* _ACTION ITEM_:
Return each entry word for word. Leave the images out.

===== INPUT DATA

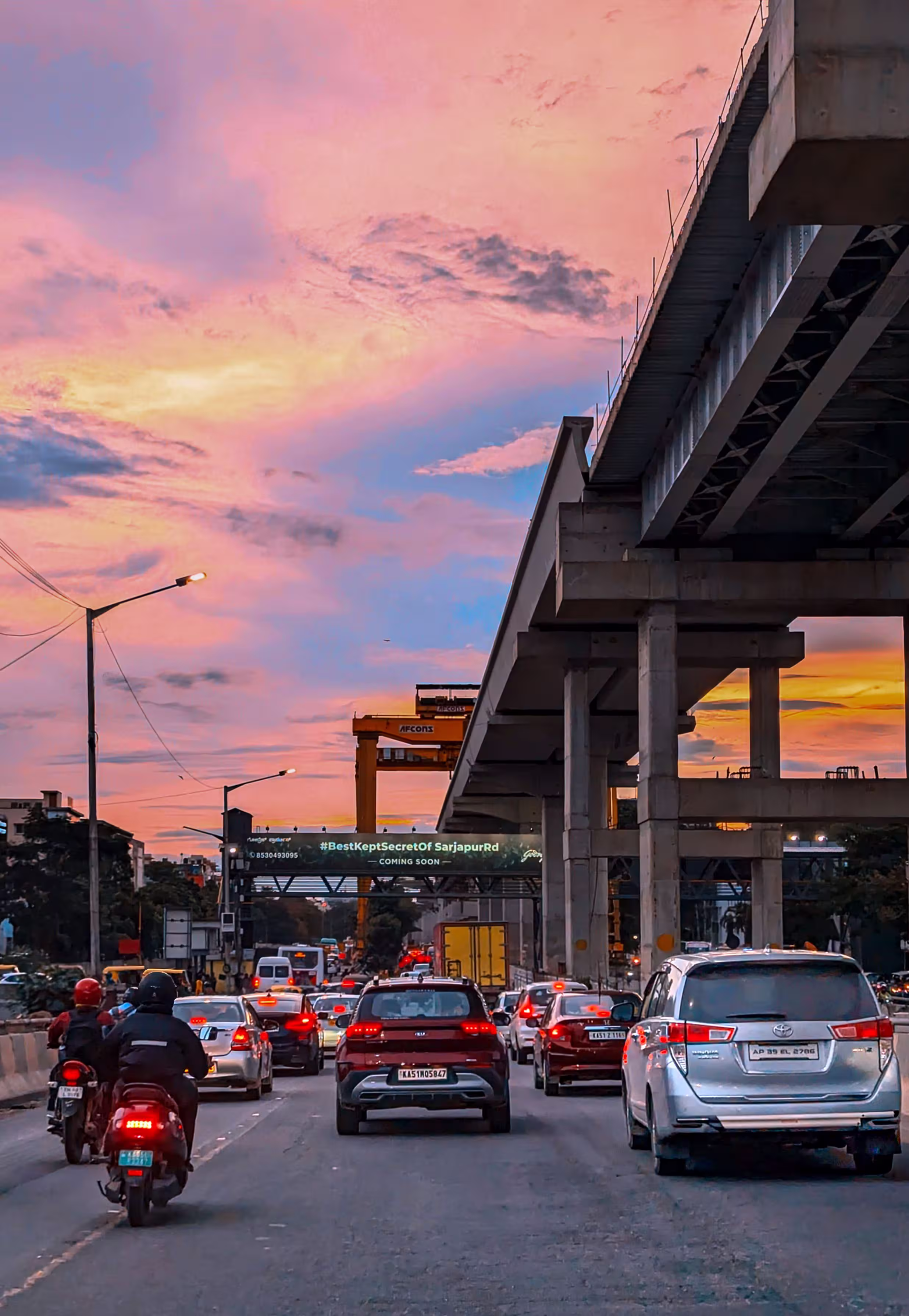 Bengaluru traffic under a vibrant sunset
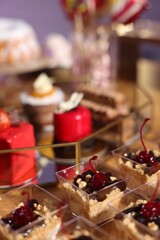 Buffet menu. Different delicious desserts on table, selective focus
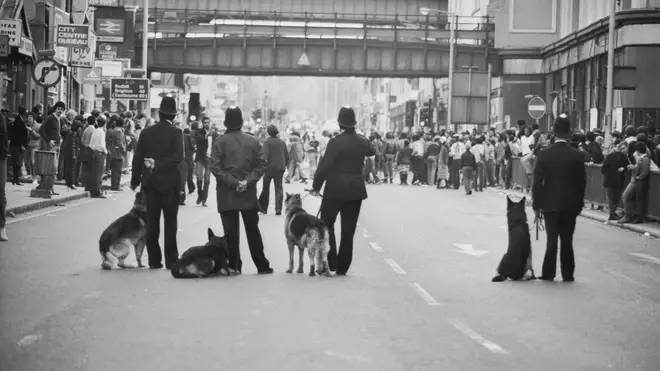 Police dog handlers on Atlantic Road on the second day of riots in Brixton, South London, 13th April 1981. (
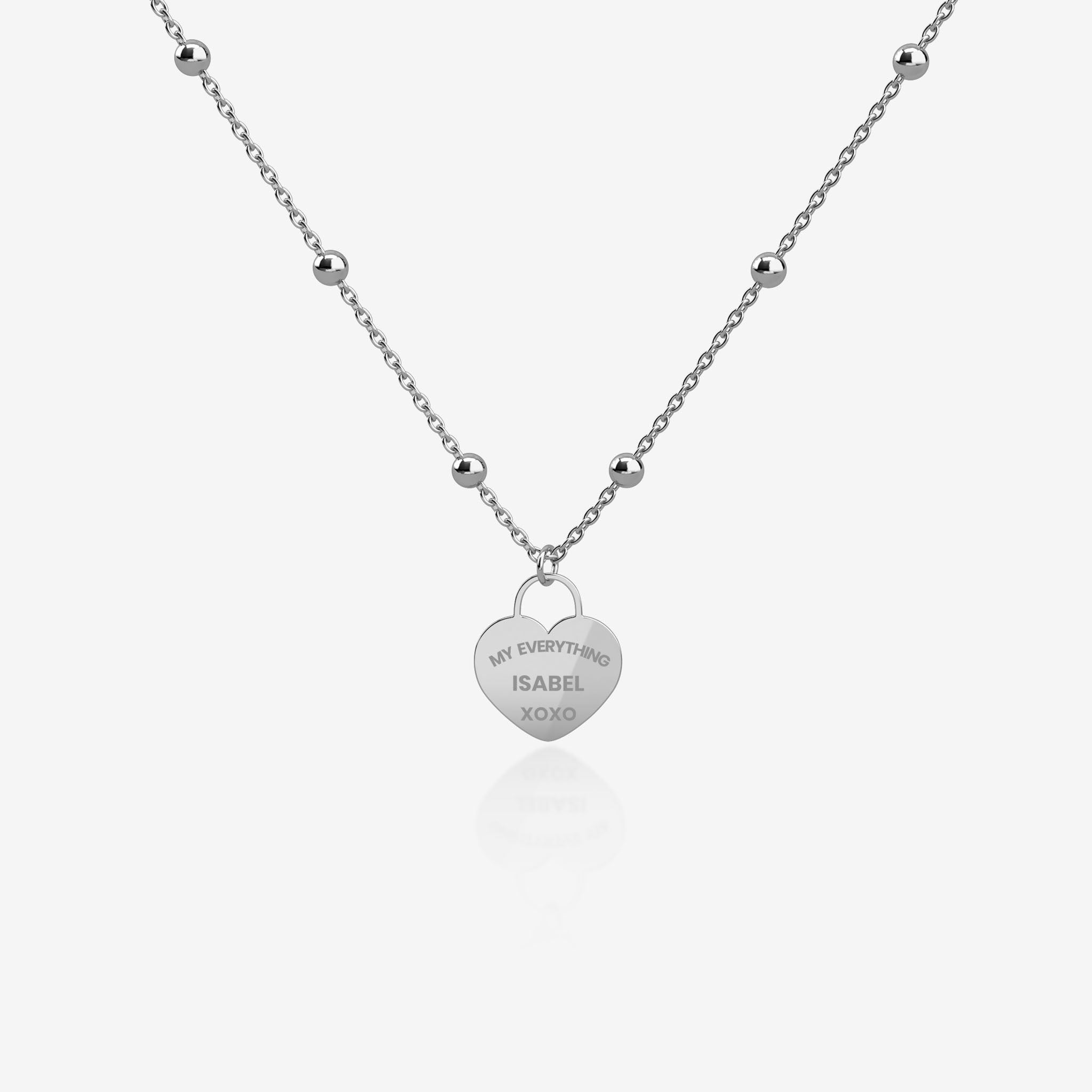 Silver necklace with a heart-shaped pendant with engraving on a white background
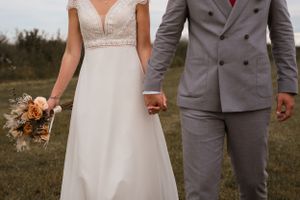 Wedding couple in grey suit and white dress standing together outdoors.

==========

* _RESPONSE TO THE TASK_:
 Bengaluru traffic under a vibrant sunset
 Buffet menu. Different delicious desserts on table, selective focus
 Police dog handlers on Atlantic Road on the second day of riots in Brixton, South London, 13th April 1981. (
 Silver necklace with a heart-shaped pendant with engraving on a white background
 Wedding couple in grey suit and white dress standing together outdoors.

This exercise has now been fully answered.